#### What you have to do
In the records below, find the line containing "Cassa del telefono" and the line containing "4036 Wyandot Street, Denver, CO". Give again exactly those lines and every line between them, omitting the pictures.

#### Recorded data
[Start of section]

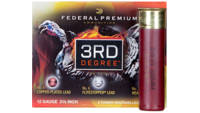 Federal 3 Rounds .5in 2oz #5/#6/#7 5 Rounds [PTD13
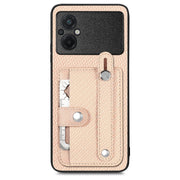 Cassa del telefono posteriore del portafoglio del cavalletto del braccialetto con il coltello dell'attrezzo, For Xiaomi POCO M5 4G, For Redmi Note 11 Pro 5G, For Redmi Note 11T Pro 5G, For Xiaomi 11T
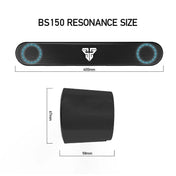 FANTECH RESONANCE BS150 BLACK BLUETOOTH SPEAKER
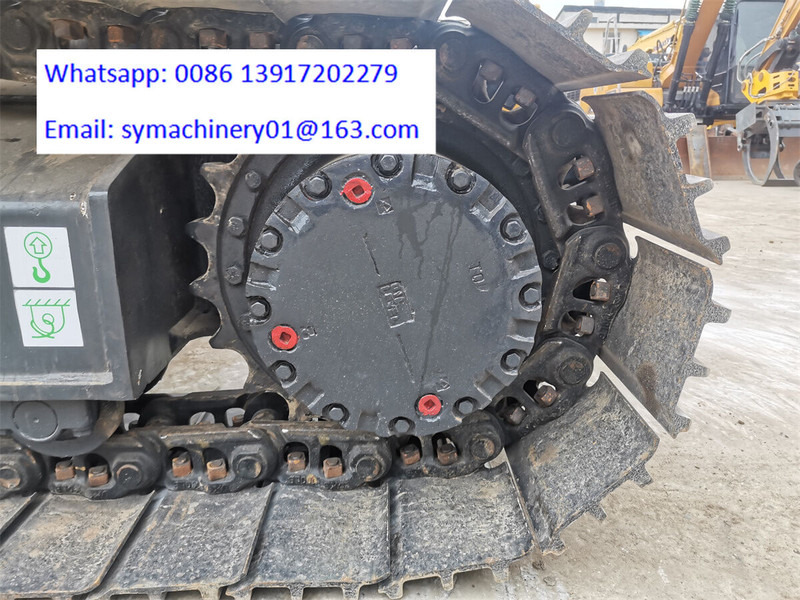 Komatsu PC210LC-8 - Excavadora de cadenas: foto 4 Komatsu PC210LC-8 - Excavadora de cadenas: foto 4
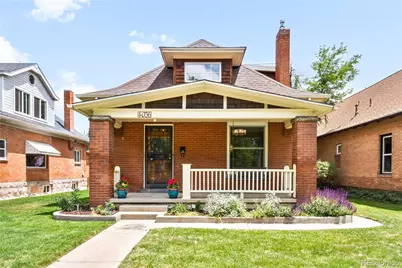 4036 Wyandot Street, Denver, CO 80211 - Photo 1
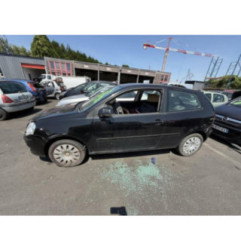 Optique avant principal gauche (feux)(phare) VOLKSWAGEN POLO 4 Photo n°9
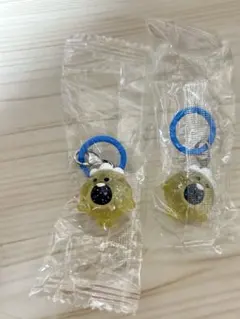 TREASUREめじるしアクセサリーTRUZ PODONG ジョンファンキラキラ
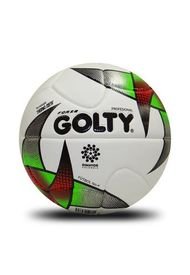 Balon Futbol Golty Professional Forza Thermotech No 4-Blanco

[End of section]

#### Solved exercise
 Cassa del telefono posteriore del portafoglio del cavalletto del braccialetto con il coltello dell'attrezzo, For Xiaomi POCO M5 4G, For Redmi Note 11 Pro 5G, For Redmi Note 11T Pro 5G, For Xiaomi 11T
 FANTECH RESONANCE BS150 BLACK BLUETOOTH SPEAKER
 Komatsu PC210LC-8 - Excavadora de cadenas: foto 4 Komatsu PC210LC-8 - Excavadora de cadenas: foto 4
 4036 Wyandot Street, Denver, CO 80211 - Photo 1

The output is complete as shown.